Wasteland Express Delivery Service
- Designers: Jonathan Gilmour, Ben Pinchback, Matt Riddle
- Illustrators: Riccardo Burchielli, Josh Cappel, Scott Hartman, Jason D. Kingsley
- Publishers: Pandasaurus Games (2017)
- Players: 2-5
- Playing time: 90-120 minutes
- Chance: Moderate
- Age range: 14+
- Skills: Strategy, tactics, logic

= Wasteland Express Delivery Service =

Tabletop board game

Wasteland Express Delivery Service is a board game for 2 to 5 players published by Pandasaurus Games in 2017. Designed by Jon Gilmour, Matt Riddle, and Ben Pinchback, the players in the game are couriers in a post-apocalyptic wasteland, racing to complete deliveries across a scorched landscape faster than their opponents. Players obtain cargo, such as guns, food and water, through purchase or by taking them from raider trucks which periodically attack the players. Players fulfill private contracts to obtain money and new upgrades to their truck's abilities, while the first player to complete three publicly available contracts, which range from digging up treasure to hauling a nuclear warhead across the country, wins the game.

== Gameplay ==

Players compete to deliver guns and other goods from one place to another across the post-apocalyptic landscape, completing deliveries, upgrading their trucks, and recruiting allies, while dealing with random events which happen each turn. Players can also battle raiders, make trades at outposts, and complete missions on behalf of different factions in the game.

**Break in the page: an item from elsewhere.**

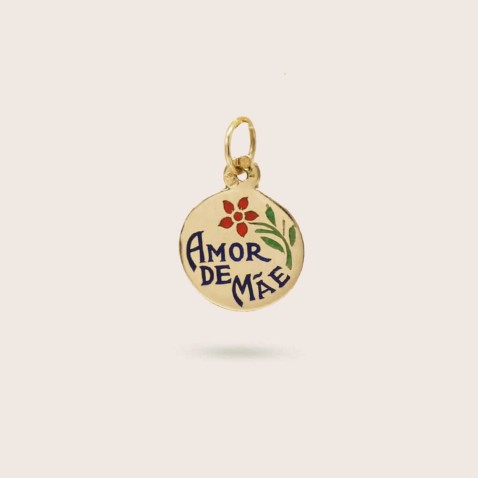 Gold-plated Sterling Silver "Mother's Love" Pendant | Lembran�a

Players have the choice of one of five available drivers to play, each of which has its own unique backstory, starting abilities, and rig. The game can be played in a campaign mode, which features story based scenarios.

Each round, players can take actions until they deplete their five action markers. If the player moves, they can move more with each subsequent action, creating momentum as long as they keep moving.